Brief descriptive captions
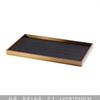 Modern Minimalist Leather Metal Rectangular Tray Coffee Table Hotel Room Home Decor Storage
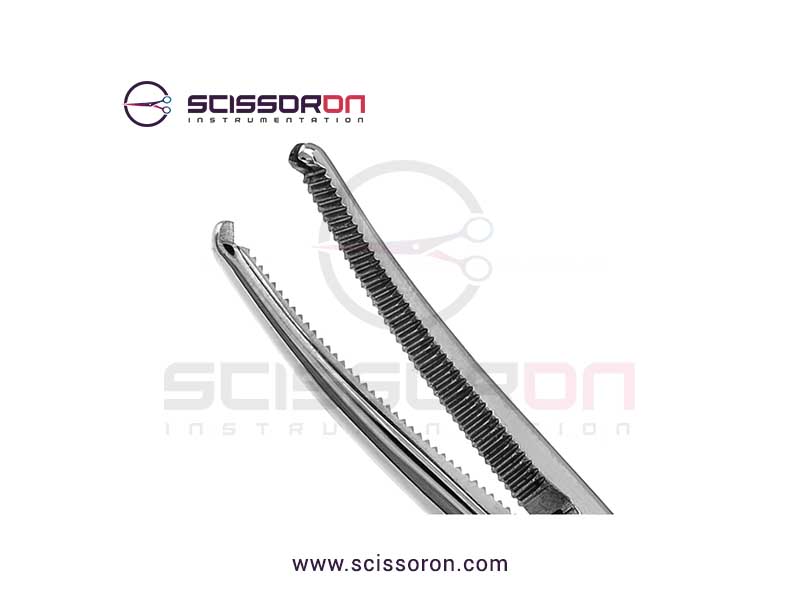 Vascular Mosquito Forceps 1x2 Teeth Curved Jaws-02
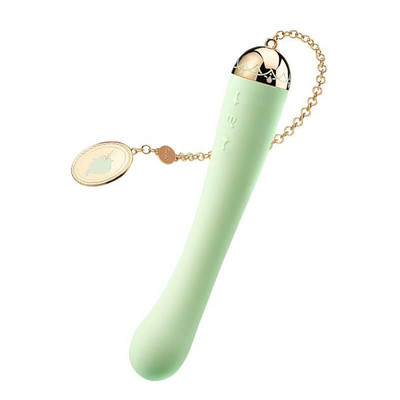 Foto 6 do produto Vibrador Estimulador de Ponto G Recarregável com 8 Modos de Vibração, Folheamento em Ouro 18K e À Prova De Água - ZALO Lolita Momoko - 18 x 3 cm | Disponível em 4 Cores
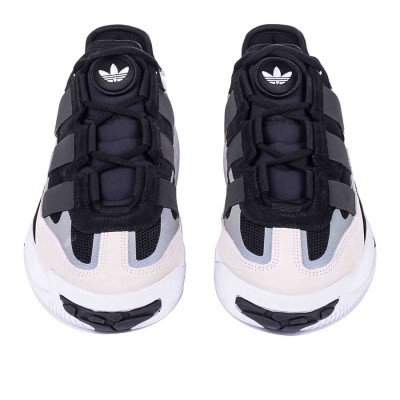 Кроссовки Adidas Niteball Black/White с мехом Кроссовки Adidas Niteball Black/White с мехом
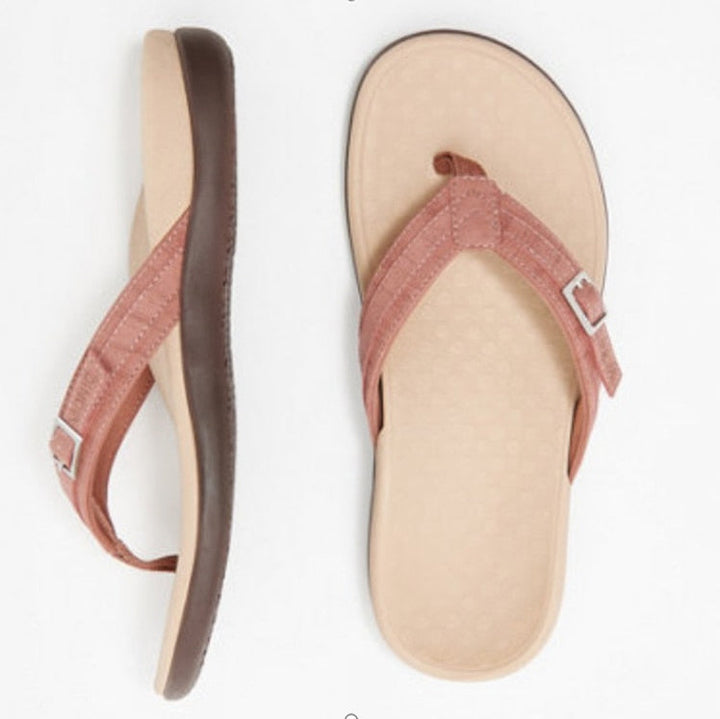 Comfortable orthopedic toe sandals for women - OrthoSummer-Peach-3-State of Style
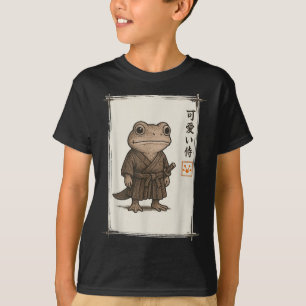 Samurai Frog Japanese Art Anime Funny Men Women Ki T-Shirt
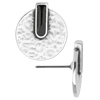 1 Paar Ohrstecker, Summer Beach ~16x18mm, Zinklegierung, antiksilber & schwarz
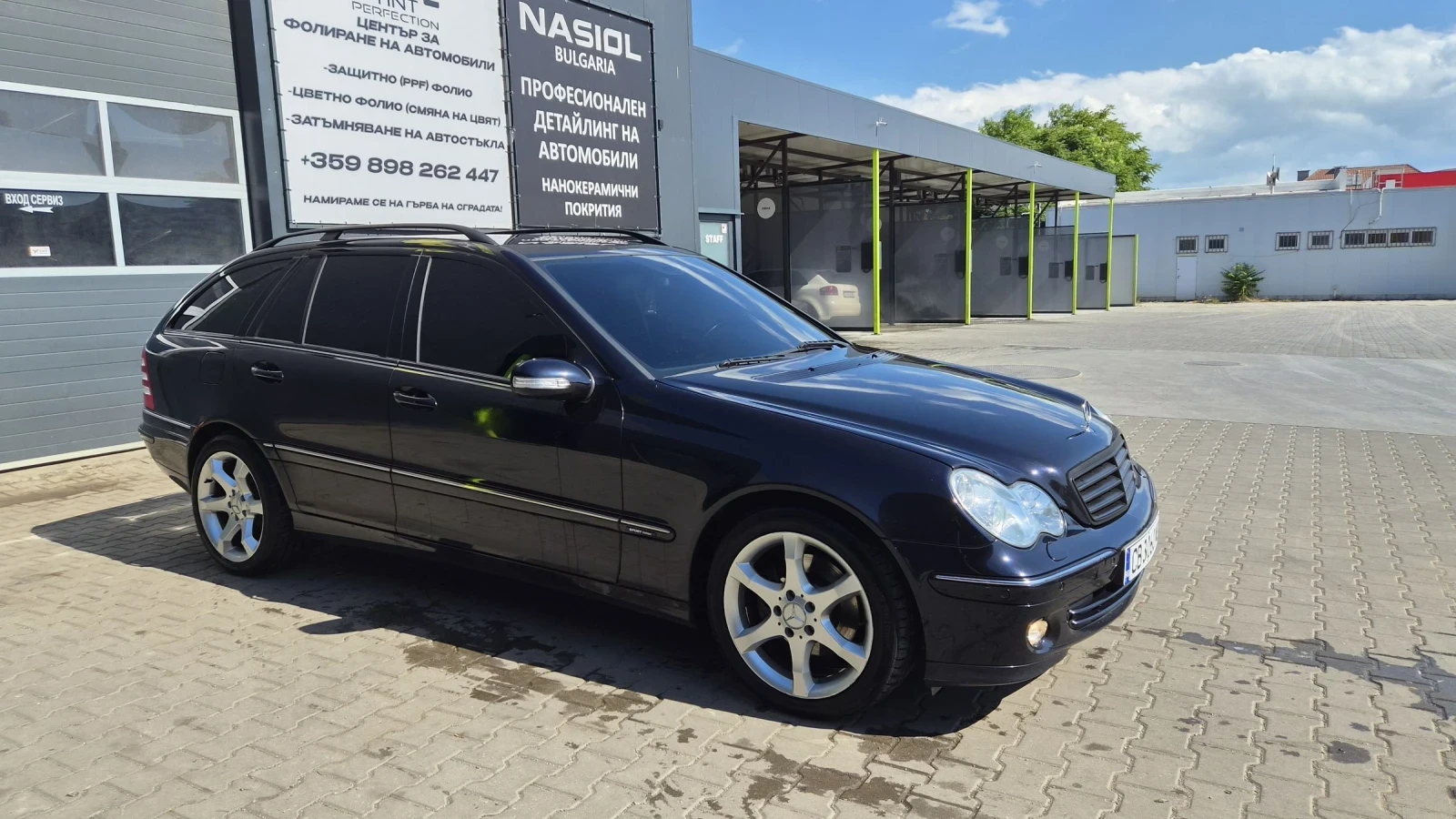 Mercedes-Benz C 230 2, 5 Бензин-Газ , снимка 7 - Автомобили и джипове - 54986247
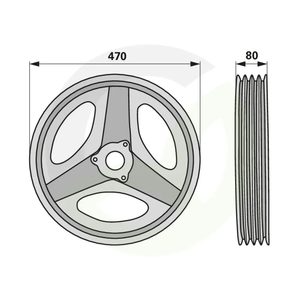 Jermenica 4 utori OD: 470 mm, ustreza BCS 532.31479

==

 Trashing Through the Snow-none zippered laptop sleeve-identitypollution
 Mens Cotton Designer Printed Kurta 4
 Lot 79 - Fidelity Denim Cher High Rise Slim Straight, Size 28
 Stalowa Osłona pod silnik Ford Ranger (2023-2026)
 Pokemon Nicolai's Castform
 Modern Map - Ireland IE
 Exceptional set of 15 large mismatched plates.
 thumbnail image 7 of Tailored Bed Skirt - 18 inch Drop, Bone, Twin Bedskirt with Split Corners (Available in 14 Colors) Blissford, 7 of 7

- **What is being asked**:
Although pictures appear among the records above, write out exactly only the lines from the one that has "Comfortable orthopedic toe" through the one that has "Jermenica 4 utori", and leave the pictures out.

- **Answer for the task**:
 Comfortable orthopedic toe sandals for women - OrthoSummer-Peach-3-State of Style
 Samurai Frog Japanese Art Anime Funny Men Women Ki T-Shirt
 1 Paar Ohrstecker, Summer Beach ~16x18mm, Zinklegierung, antiksilber & schwarz
 Mercedes-Benz C 230 2, 5 Бензин-Газ , снимка 7 - Автомобили и джипове - 54986247
 Jermenica 4 utori OD: 470 mm, ustreza BCS 532.31479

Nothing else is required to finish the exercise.